On Mon, Nov 27, 2017 at 06:35:38PM +0200, Koos Zevenhoven wrote:
SOLUTION: Maybe (a) all iterators should be called iterators
All iterators *are* called iterators. Just as all mammals are called "mammals". The subset of iterators which are created as generators are *also* called generators, just as the mammals which are dogs are called "dogs" when it is necessary to distinguish a dog from some other mammal.
Absolutely not. That would be confusing -- it would be analogous to calling all sequences (lists, tuples, deques etc) "strings". What benefit is there to calling all iterators "generators", losing the distinction between those which are defined using def and yield and those created using iter()? Sometimes that distinction is important. You are right that sometimes the term "generator" is used as shorthand for "generator function". Most of the time the distinction doesn't actually matter, since you cannot (easily?) create a generator without first creating a generator function. Or if it does matter, it is clear in context which is meant. For those few times where it *does* matter, there is no substitute for precision in language, and that depends on the author, not the terminology. -- Steve

Steven D'Aprano writes:
The subset of iterators which are created as generators are *also* called generators,
As long as we're being precise, I don't think that is precisely correct: >>> (x for x in range(1)) <generator object <genexpr> at 0x10dee5e08> >>> iter(range(1)) <range_iterator object at 0x10dab83f0> >>> iter((1,)) <tuple_iterator object at 0x10df109b0> The two iterators have the same duck-type, the generator is different.
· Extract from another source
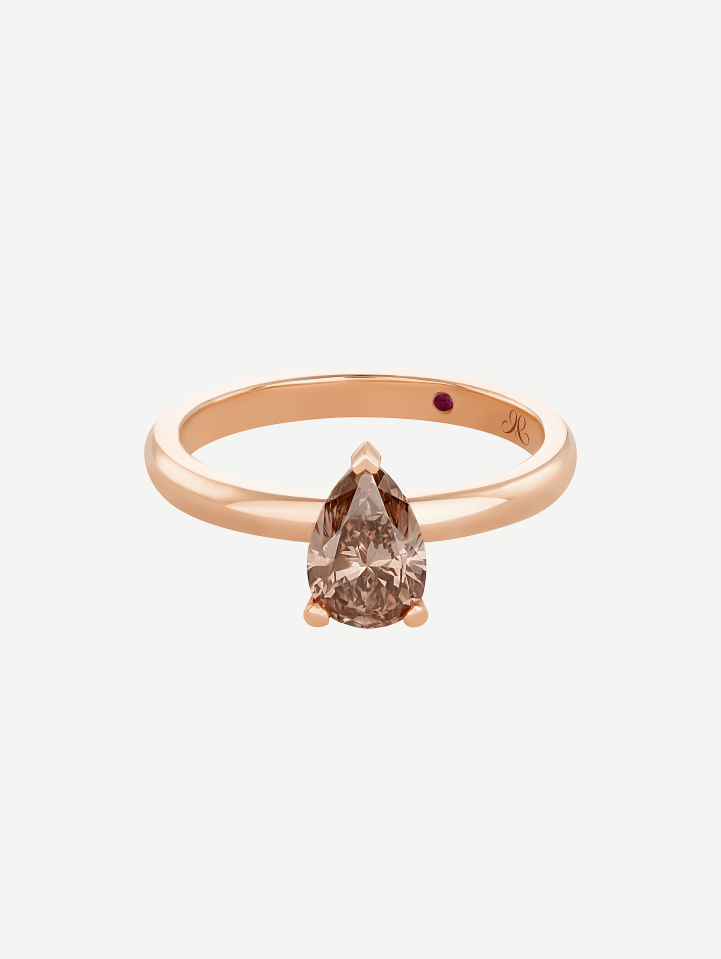 Rožinio aukso žiedas su deimantu MOT108041 1,04 ct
A generator (object) is, of course, an interable.
You are right that sometimes the term "generator" is used as shorthand for "generator function".
I've always thought "generator factory" would be a better term, but "generator function" will do. I generally use "generator object" to make the distinction, though.
At least you can create a generator (object) with the generator function created and called implicitly by using a generator expression. Reverting from pedantic mode. Hear, hear! this:
Steve

On Tue, Nov 28, 2017 at 03:11:25PM +0900, Stephen J. Turnbull wrote:
How is the generator different? It quacks like a range_iterator and tuple_iterator, it swims like them, it flies like them. Is there some iterator method or protocol that generators don't support?
A generator (object) is, of course, an interable.
And also an iterator: py> collections.abc py> isinstance((x+1 for x in range(5)), collections.abc.Iterator) True
Ah yes, I forget about generator expressions, thanks. -- Steve

Given that we have this kind of arcane discussion fairly regularly (not just in this thread), and it always makes my head spin, and it seems I'm not the only one who gets confused: How about having a module that provides functions such as isgenerator isiterator isiterable etc. or alternatively one function that would return a tuple/list of categories that an object fell into e.g. ('iterator', 'iterable') or a dictionary e.g. { 'iterator' : True, 'iterable' : True, 'generator' : False }. (Bikeshed as appropriate, but providing a dict seems to make it easier to add more things in future without breaking backward compatibility.) Then those of us who are prepared to take care to be precise in our language but could do with some help could use it to clarify our thoughts. And there should be less noise in the newsgroups from pointless arguments about precisely what is what. And I suspect it would even have uses in "real" code. Rob Cliffe On 28/11/2017 06:22, Steven D'Aprano wrote:

On Tue, Nov 28, 2017 at 04:25:23PM +0000, Rob Cliffe wrote:
There is no single module that does this, but the inspect module comes close: inspect.isgenerator inspect.isgeneratorfunction will tell you the difference between these two: def gen_function(): yield 1 generator = gen_function() The collections.abc module has ABCs that you can use with isinstance: collections.abc.Iterable collections.abc.Iterator collections.abc.Sequence For example, we know that range is not a generator but is a sequence: py> inspect.isgenerator(range(10)) False py> isinstance(range(10), collections.abc.Sequence) True -- Steve

Steven D'Aprano writes:
The two iterators have the same duck-type, the generator is different.
How is the generator different?
My bad, I got the comparison backward. The generator *is* different, but it's because the generator has *extra* public methods, not fewer. Sorry for the noise.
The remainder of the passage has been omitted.